Records from a data collection:

===============

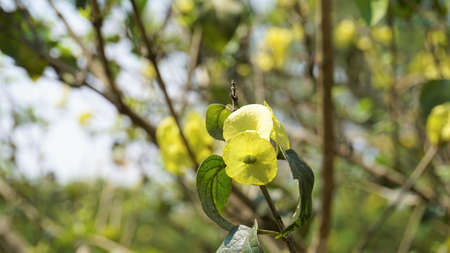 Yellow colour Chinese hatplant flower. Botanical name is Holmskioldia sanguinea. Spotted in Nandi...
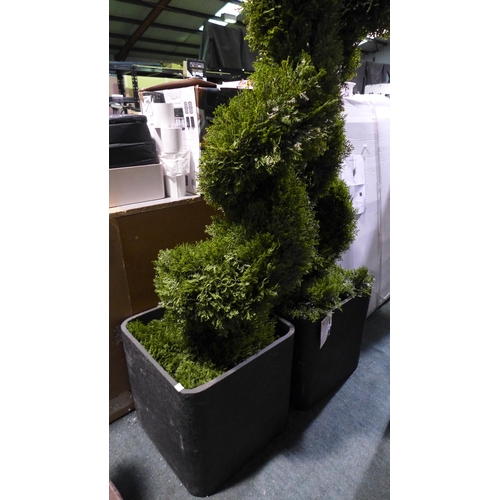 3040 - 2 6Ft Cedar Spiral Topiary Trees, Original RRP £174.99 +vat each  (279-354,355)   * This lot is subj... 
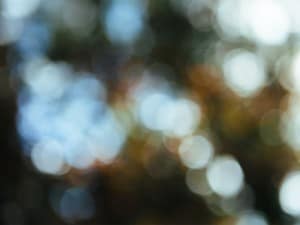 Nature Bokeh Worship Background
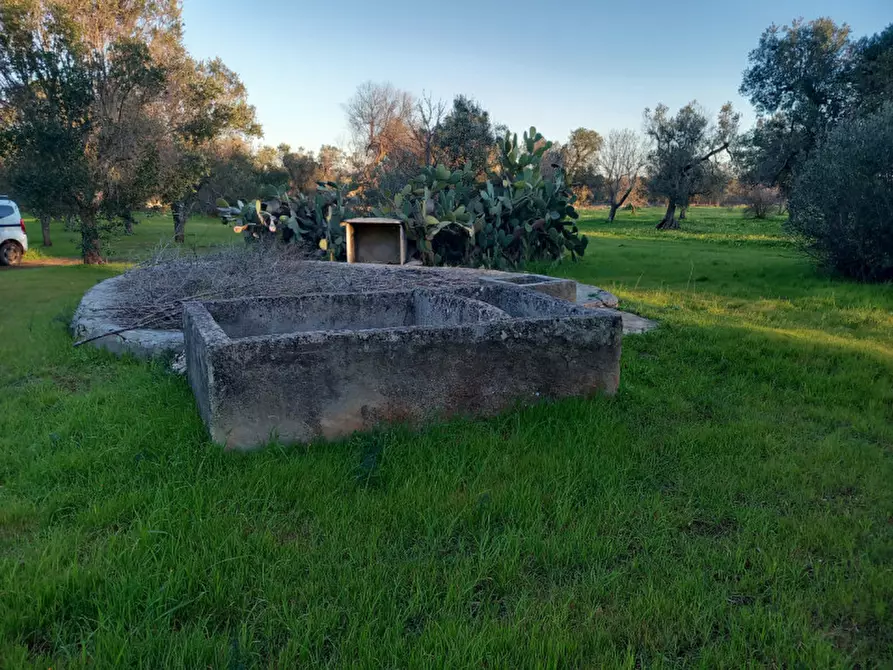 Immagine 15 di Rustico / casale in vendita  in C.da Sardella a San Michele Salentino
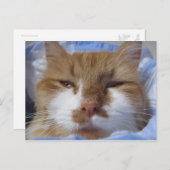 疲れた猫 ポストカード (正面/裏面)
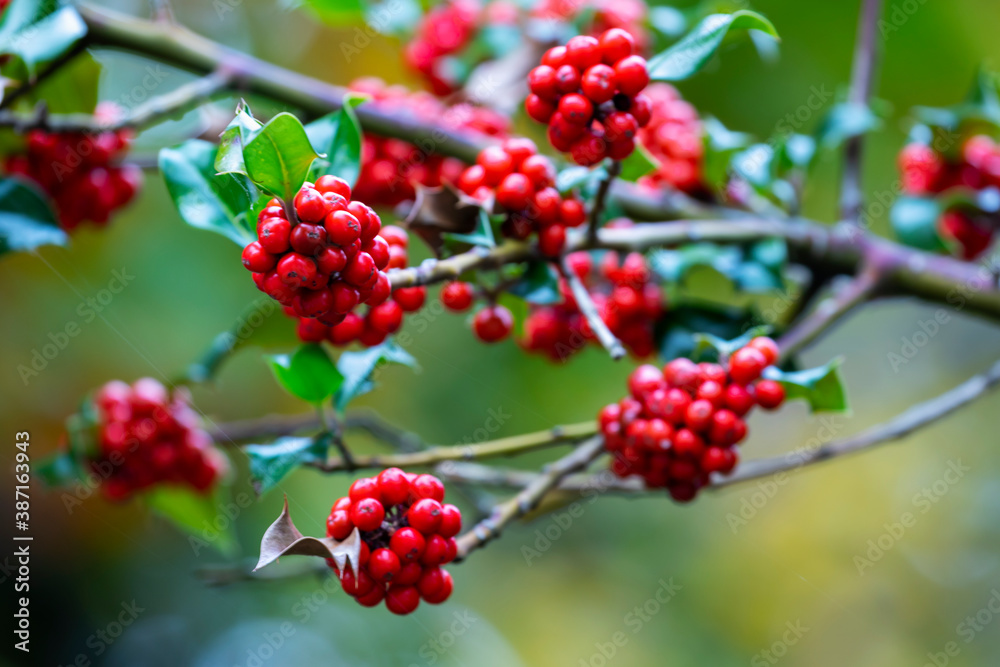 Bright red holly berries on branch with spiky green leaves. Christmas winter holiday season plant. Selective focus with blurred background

===============

- **What you should do**
If pictures appear in the data, omit them and copy all other parts exactly.

- **Solution below**
 Yellow colour Chinese hatplant flower. Botanical name is Holmskioldia sanguinea. Spotted in Nandi...
 3040 - 2 6Ft Cedar Spiral Topiary Trees, Original RRP £174.99 +vat each  (279-354,355)   * This lot is subj... 
 Nature Bokeh Worship Background
 Immagine 15 di Rustico / casale in vendita  in C.da Sardella a San Michele Salentino
 疲れた猫 ポストカード (正面/裏面)
 Bright red holly berries on branch with spiky green leaves. Christmas winter holiday season plant. Selective focus with blurred background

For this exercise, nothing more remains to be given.